Dataset section:
^^^^^^^^

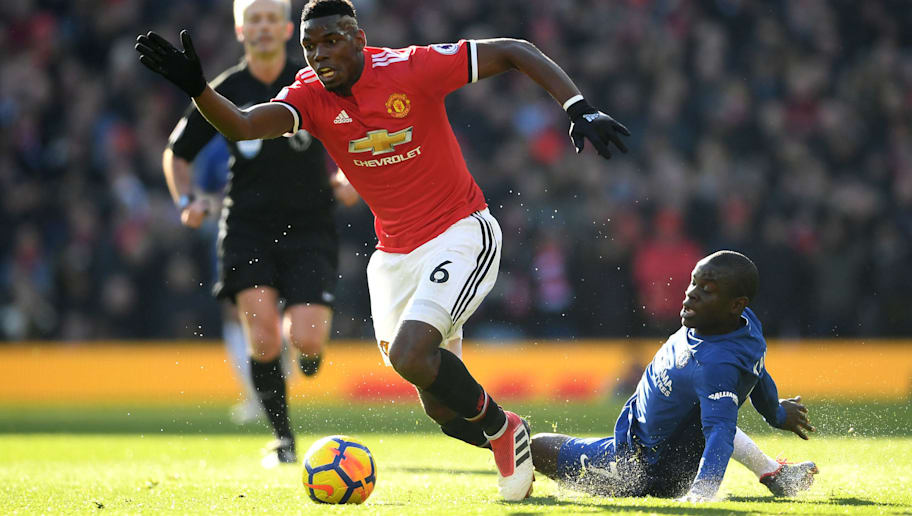Kante Is Everything Pogba Herrera Try To Be Fans Destroy Man Utd Duo After Fa Cup Loss Ht Media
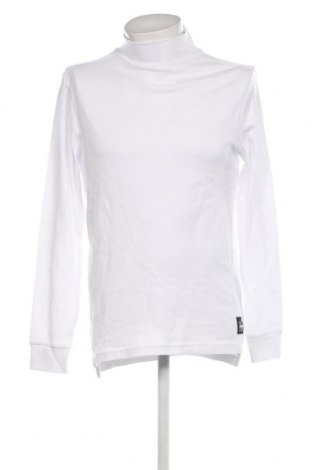 Ανδρική μπλούζα Rebel, Μέγεθος M, Χρώμα Λευκό, Τιμή 7,05 €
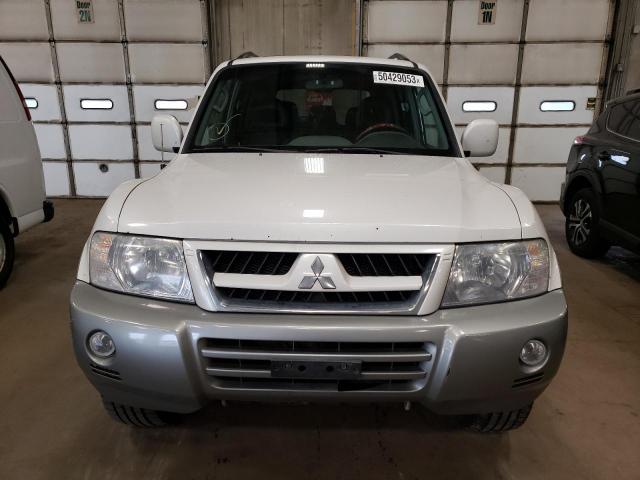 Photo 5 from auction – 2003 MITSUBISHI MONTERO LI with VIN JA4NW51S63J040657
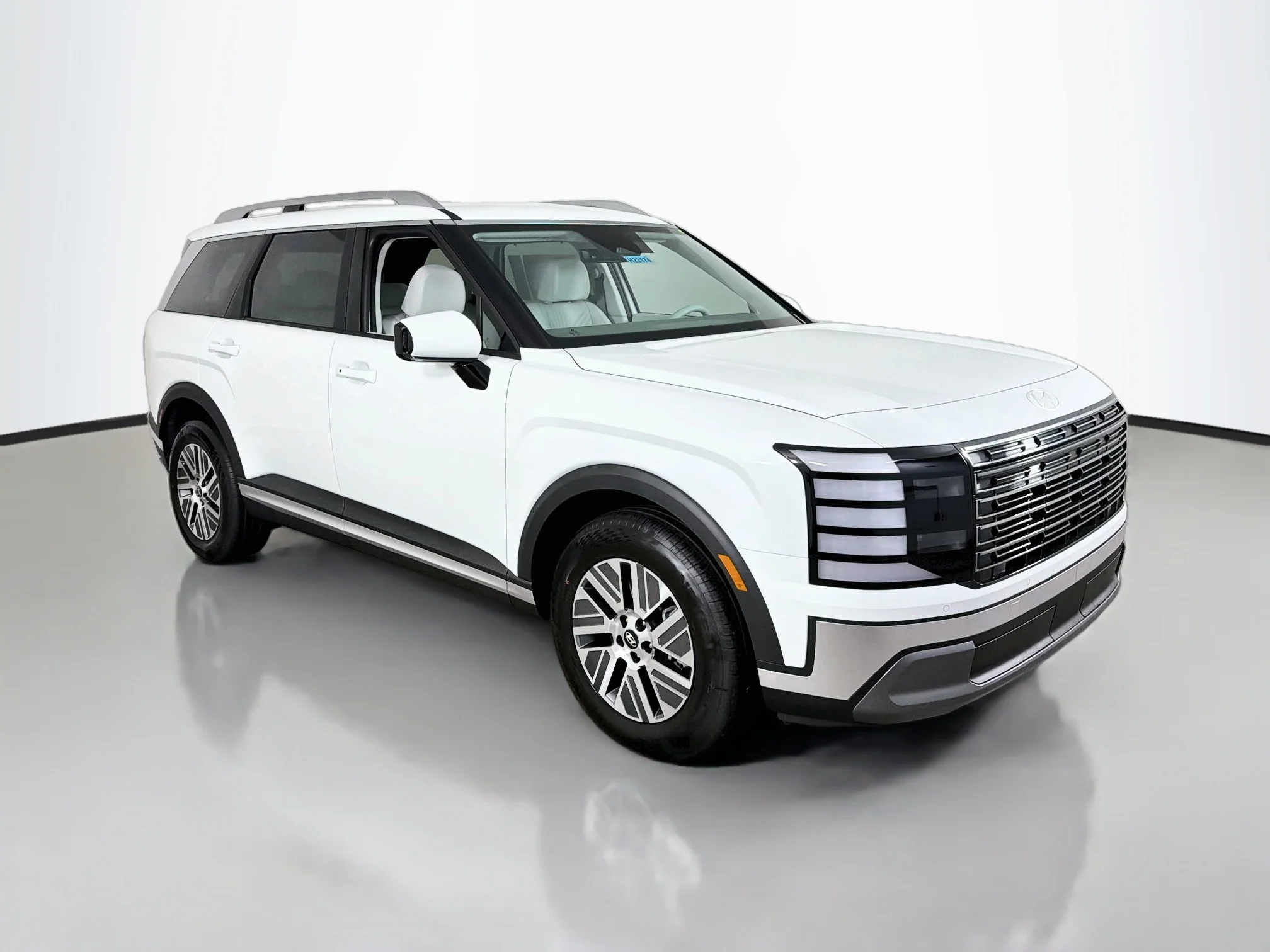 2027 Hyundai Palisade Hybrid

^^^^^^^^

Word for word, restate all of the data, but do not copy the pictures.

Answer to this problem:
Kante Is Everything Pogba Herrera Try To Be Fans Destroy Man Utd Duo After Fa Cup Loss Ht Media
 Ανδρική μπλούζα Rebel, Μέγεθος M, Χρώμα Λευκό, Τιμή 7,05 €
 Photo 5 from auction – 2003 MITSUBISHI MONTERO LI with VIN JA4NW51S63J040657
 2027 Hyundai Palisade Hybrid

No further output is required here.